I have two of the Visi-Therm Deluxe (the submersible glass ones) - a 100 w on a 30 g, and a 50 w on a 10 gal. They've been very solid with temperature stability, but they've both developed condensation within the glass housing. A fellow BAS member who breeds rare fish said that once they develop that, he won't risk using them any more. Mine are still in use, but my peace of mind about them is shaken. I find they're quite visible, too, which is a detractor. But the setting guage is very easy to read. 

I also have two 50 w of the Visi-Therm Stealths, each on a 10 g tank. These have been great, no problems. One has a calibration difference of 3 degrees off from what the dial reads, but once set, it is solid - and besides, I look at the thermometer, not the heater dial. It took awhile to trust that it was working without the little red indicator light glowing at me. One of these I have vertically, and the other is horizontally. Even though the body of the heater is bigger around than other brands, it is quite inconspicuous. 

I also have a tiny Azoo Titanium heater.
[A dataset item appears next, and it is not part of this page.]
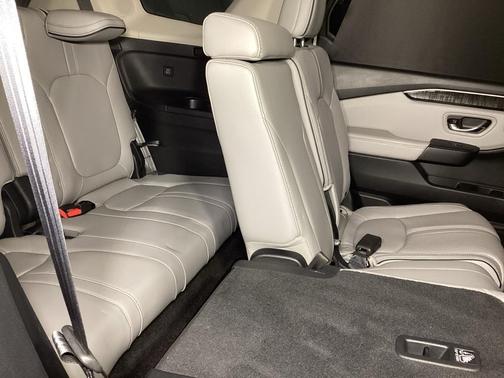 2023 Honda Pilot AWD Elite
Its very small, and very thin, so its exceptionally easy to hide, even in the little 5.5 g tank (its a 50 w, and therefore oversized, but the smallest they make). I also like having the dial outside of the aquarium. And IT has an indicator light for when its on. I really like it - its slim and small, and shatterproof. 

Finally I have an old hang-on-the-side heater on a 15 g that has me spooked just because its old. Its never wavered, but I'm probably going to use it just for emergencies or larger water changes. I'll probably replace it with another Titanium heater, or a stainless steel. 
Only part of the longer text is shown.